AI voice generators have gained popularity in recent years. Since chatGPT came out in late 2022, it seems to have given AI voice generators an extra boost to be a major consideration for content creators, who want easier ways to create content without having to record their voices each and every time. But the question remains: what are some of the best AI voice generators? How reliable and realistic are they?
In this guide, I’m going to share my own experience as a 9-year podcaster, a 4-year YouTuber and a digital consultant who has helped dozens of brands create content and make more money for their businesses. AI voice generators have been at the center of some conversations lately, it’s time for us to unveil how good they really are.
We are going to compare 3 major AI voice generators:
Best AI Voice Generators (2023) – Top Picks
The company claims and is know to have “the most realistic and versatile AI speech software, ever. Eleven brings the most compelling, rich and lifelike voices to creators and publishers seeking the ultimate tools for storytelling.”
EvenLabs is the most talked about AI voice generator on the market today. You will notice endless number of social shares, YouTube tutorials by well-known influencers.
With that said, it’s important to test out ElevenLabs for yourself. From my experience after using over half a dozen voice generators for the past two years, you may be be surprised to find which one works best for you – and that doesn’t necessarily mean the most popular tool on the market.
The process of creating your digital voice using ElevenLabs
ElevenLab’s speech synthesis is quite straightforward. You have two options:
- Use a premade voice. There are plenty of voices to choose from
- Choose the voice settings. Either use the default one, or you can change the “Stability” and/or “Clarity + Similarity Enhancement”. Hence based on the premade voices, you can create even more variations
- You can also add your own voice by choosing to “+Add voice” (see instructions below for how to do that)
- Once you are done, enter any text in the “Text” field, hit “Generate”. It takes a few seconds for ElevenLabs to process the chosen voice and text.

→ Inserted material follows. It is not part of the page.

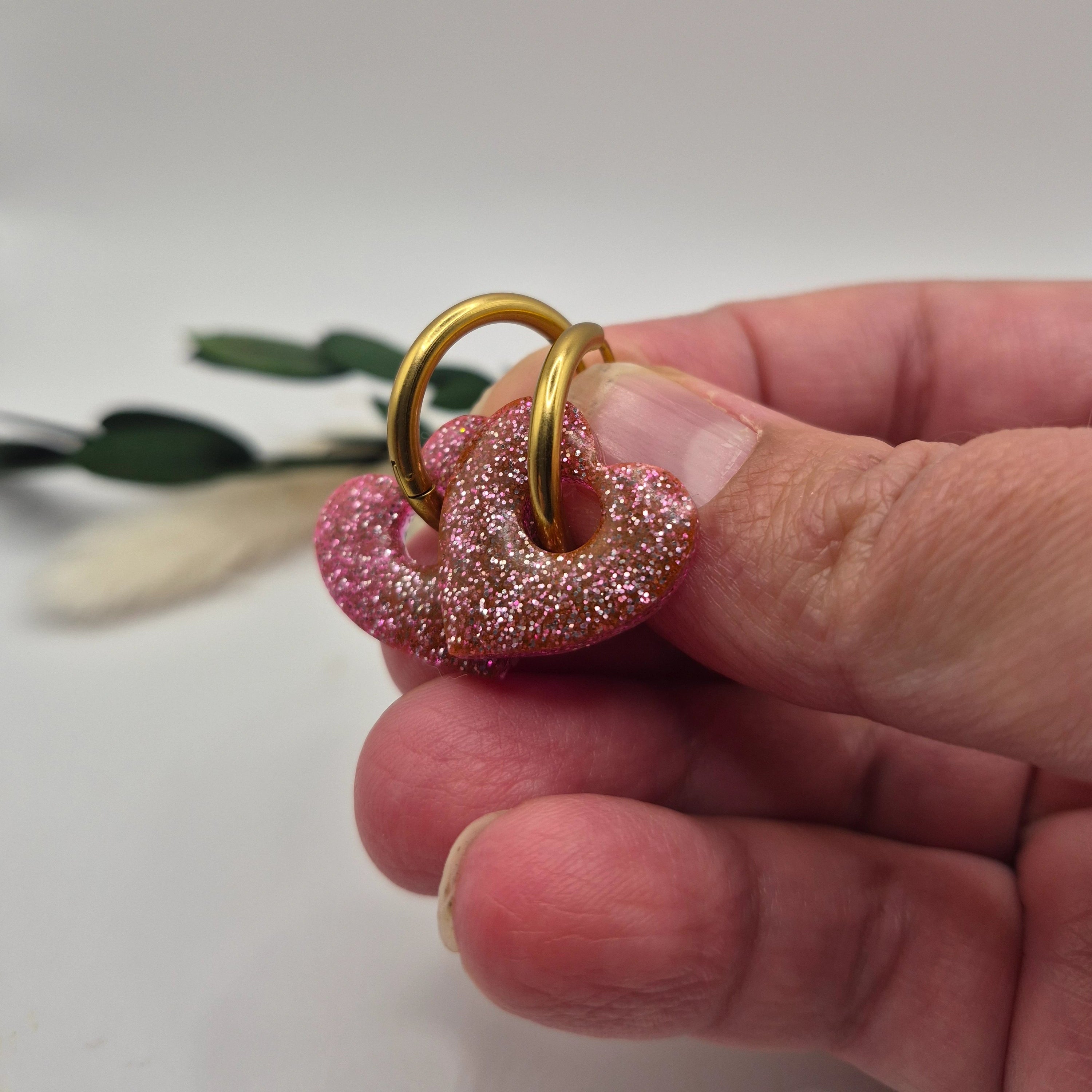 Pampilles Coralie roses résine pailleté sur créoles inoxydables  dorées tenues à la main avec branche verte et pampa en fond de décor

To download the generated audio, simply go to the “History” tab, and you will find a full list of previously generated audio files, voice you used, dates and text. You can also play the file to preview what you are about to download.
Such downloaded files can be used anywhere and for any purpose, as long as you have the right to use the voice – in most cases, this should be your voice.

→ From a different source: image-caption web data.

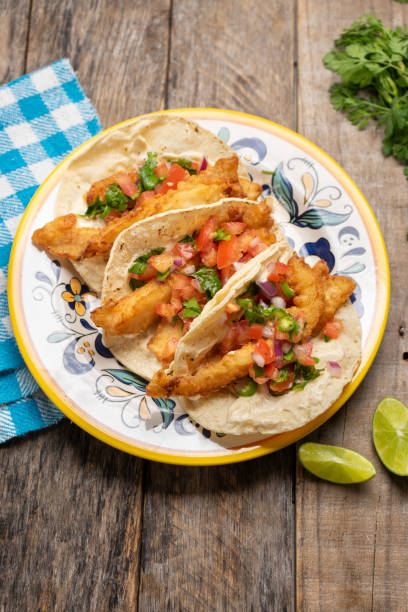 istock Mexican breaded fish tacos also called ensenada on wooden background 1227040010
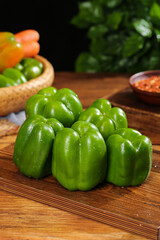 Fresh Green Bell Peppers on Wooden Cutting Board with Colorful Vegetables for Healthy Cooking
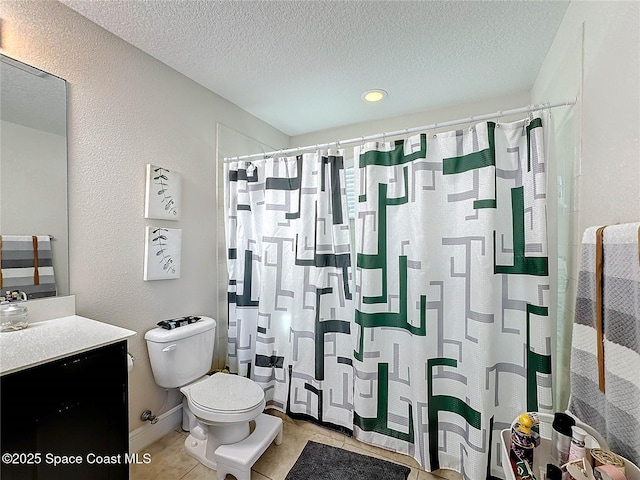 full bathroom featuring vanity, a shower with curtain, a textured ceiling, tile patterned floors, and toilet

To no one’s surprise, there has been controversy against ElevenLabs and AI generators alike. “ElevenLabs was criticized after users were able to abuse its software to generate controversial statements, in the vocal style of celebrities, public officials, and other famous individuals.”
But this should not be an issue if you are the original content creator who’s using ElevenLabs to create content for your own platforms.
Their basic plans are:
- Free $0 forever, and includes 10,000 characters per month creating up to 3 custom voices
- $5/month (and the first month is 80% off, which is only $1) gives you 30,000 characters per month and creates up to 10 custom voices.

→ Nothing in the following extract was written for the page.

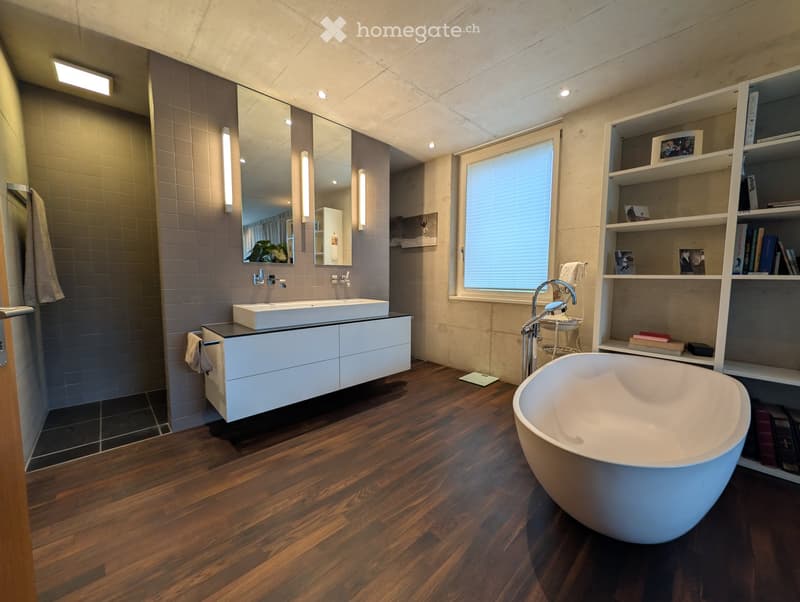 Modern bathroom with a freestanding bathtub, double sink vanity, large mirror, built-in shelving, and wooden flooring.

ElevenLabs also has more premium subscription options created for independent publishers and growing businesses. Full pricing details here.
My take on ElevenLabs
ElevenLabs AI model is groundbreaking and different. Their AI model is built to grasp the logic and emotions behind words. In other words, rather than generate sentences one-by-one, or word-by-work based on what the AI knows about a person, ElevenLabs is “mindful of how each utterance ties to preceding and succeeding text”, this approach according to ElevenLabs will “zoomed-out perspective allows it to intonate longer fragments convincingly and with purpose.”
ElevenLabs’ voice generator is able to build on your voice and string words and phrases better together. While it’s certainly the most advanced technology in AI voices, my AI voice generated by ElevenLabs doesn’t sound like me. It isn’t something I can confidently use to create content instead of me.
With that said, I’ve heard incredible recordings done entirely with ElevenLabs that nearly fooled me, such as this episode of Seth Godin’s Akimbo podcast. I’m very familiar with Seth’s voice, yet ElevenLabs did a phenomenal job.
This leads me to believe that ElevenLabs isn’t going to work out the same way for everyone. I also noticed its limitations when it comes to accents. Whether you have an English accent that’s regional, or an accent because English is a second language to you, ElevenLabs isn’t picking up the differences as well. As for me, ElevenLabs makes me sound very American, similar to an American broadcaster’s voice without much of my own emotions and pitches.
Podcastle Revoice uses generative AI technology to audio creation, allowing you to create a digital copy of your own voice so you can create content anywhere.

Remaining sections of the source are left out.